Doing drywall is pretty brainless work.  I've done so much of it in the past two years that everything's pretty much automatic by now.  Leaves the ol' brain plenty of time to wander off by itself while I'm working.

God, I wish I was doing electrical work or something, anything that would keep my mind focused on the job instead of the fact that I saved the world.

Isn't that a brain-job?  Xander Harris saved the world.  I. Saved. The. World.  Saved it.  All those people running around in the sunshine and not working on a beautiful day like today are doing it because of something I did.  Weird, bizarre-type thought, and I wish I could just get past it.

Not that I'm getting all hero-complexy or big-ego.  Just the opposite.  I wish anybody else had done it.  Knowing that I had the fate of the entire planet resting on my shoulders for all of fifteen minutes gives me the oogies.  Is this what Buffy feels like all the time?  'Cause if she does, I've got even more respect for her now than ever.

"It's weird, I know," Buffy said after I asked her about it.  "Things'll get back to normal for you sooner or later, though.  For a little while, you'll just be looking around at the world and thinking about how fragile it all is.  How one instant, one wrong thing, could wipe it all out."

"I never felt like that when it was you saving the world," I told her.  "It was like—of course you were going to save it.  No question."

"And then, all of a sudden, I couldn't," she said.  "It was all up to you."

"And it wasn't a sure thing.  Man, Buffy, it was touch-and-go there.  I wasn't sure I could get through to Will.  There was so little of her I could even recognize in there.  I keep on thinking about—what if I'd said the wrong thing, or gotten there too late?  It would've been Everything Go Boom.  After all, if the fate of the world was resting on Xander Harris doing things right, what was the chance it could actually get saved?"

Buffy smiled at me then, that gorgeous smile I fell in love with way back when I was an even-stupider sixteen-year-old.  "Well I, for one, am glad Xander Harris was there to make things right.  I had my own battles to fight this year; you had to take the really big one."

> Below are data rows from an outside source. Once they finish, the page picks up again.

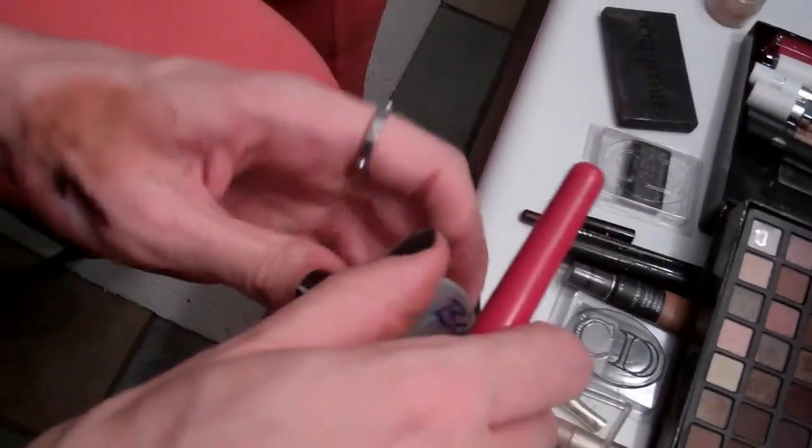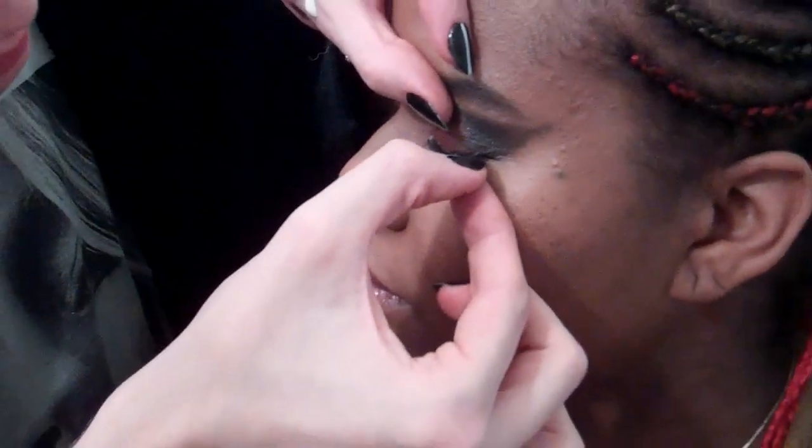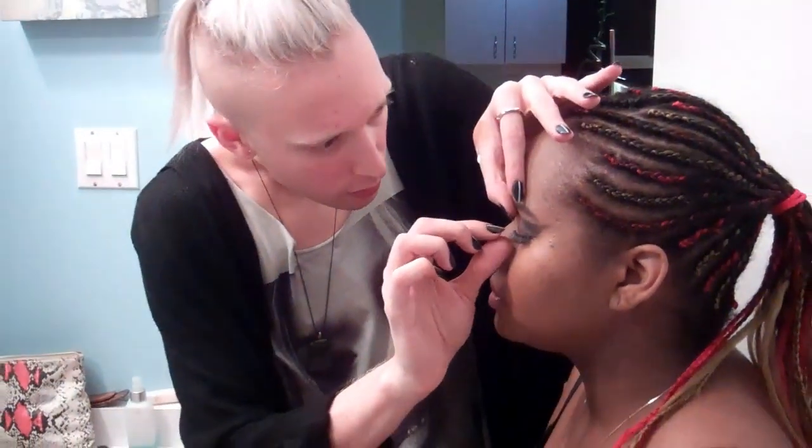I don't know how makeup artists deal with that. Always eat what you enjoy doing your makeup — it makes it more fun. We're still untangling, just going one section at a time.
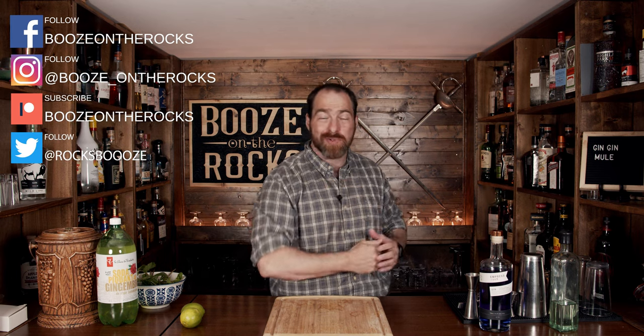The ginger mule is a modern classic, but can you dress it up and take it anywhere? My name is David Edwards and welcome to Booze on the Rocks.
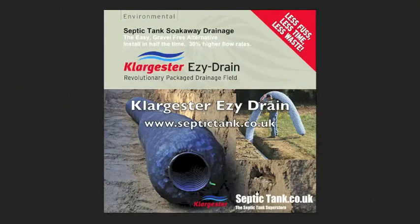Hello and welcome to septictank.co.uk. Today we're looking at Klargester Easy Drain, the revolutionary septic tank soak away alternative.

It's crazy.  Things got so upside-down this last year.  I mean, we brought Buffy back from the dead, which should've been a good thing, but turned out not to be so much for her.  Three human guys complete with souls caused us more trouble than all the demons and vampires combined.  Then my best friend caused even more trouble than the Geek Mafia.  Dawn stole stuff, Buffy had a fling with Spike, and I walked out of my own wedding, causing my bride to become a demon.  Again.  I think I'd have preferred a good, old-fashioned apocalypse to all that.

Speaking of my demon bride, she just surprised the hell out of me.

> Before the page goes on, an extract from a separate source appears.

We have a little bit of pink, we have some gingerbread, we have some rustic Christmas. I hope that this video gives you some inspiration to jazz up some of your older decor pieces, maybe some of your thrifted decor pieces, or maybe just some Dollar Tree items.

"Sorry about that," Anya says while my heart attempts to dislodge itself from my throat.  "I just teleported in from the mall.  Would you like a lemonade?  I got them at Hot Dog On A Stick."  She smiles, holding out a cup to me.

"Thanks."  I take a drink, looking at her.  Anya's still so much the same girl I fell in love with.  What part of her is the demon now?  Does it matter?

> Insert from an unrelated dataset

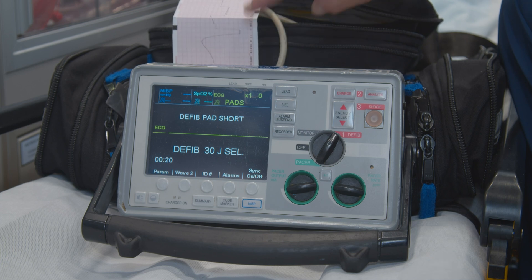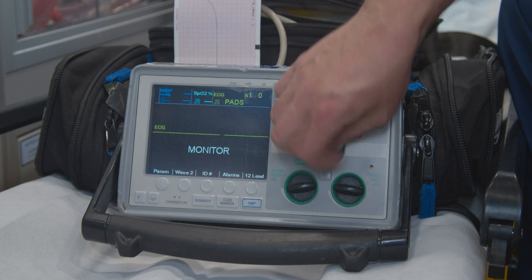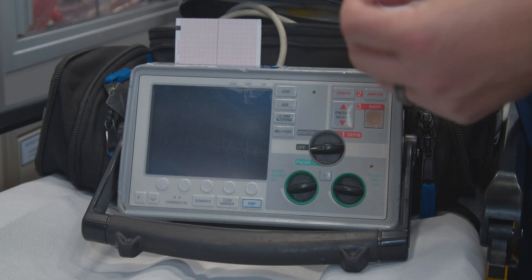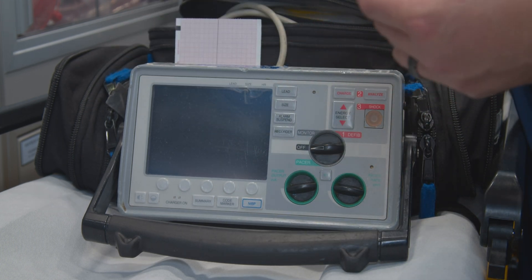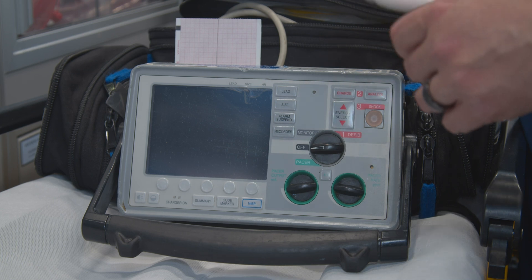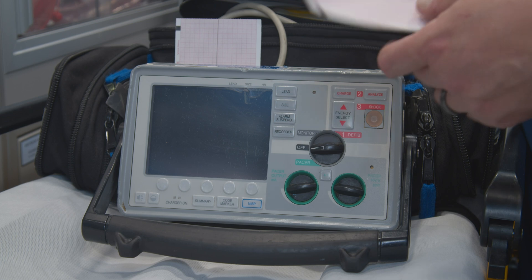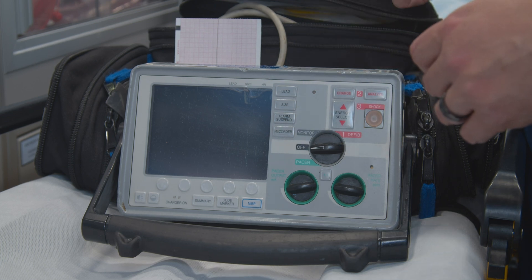Once you have the defib on your strip, go ahead and click off your monitor and then tear this. Keep this with you till the end of your shift. Then you can go ahead and throw this away.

I asked Giles about it a few days ago, and he said, "I don't know much about the nature of Vengeance Demons, I'm afraid.  Anya seems very similar to how she was as a human right now, but then, the great majority of her life has been spent as a demon."

"I just feel responsible, you know?" I said.  It was the first time I'd told anybody this.  "She became a demon because I hurt her.  I left her at the altar, and then her old demon boss offered her her job back.  What choice did she have?"

"Her own choice," Giles said.  "You made a mistake, Xander.  A large one, I'll grant you, but ultimately, Anya's decision to go back to her demon state was her own choice, not yours.  Just as it was Warren's choice to come after Buffy with a gun."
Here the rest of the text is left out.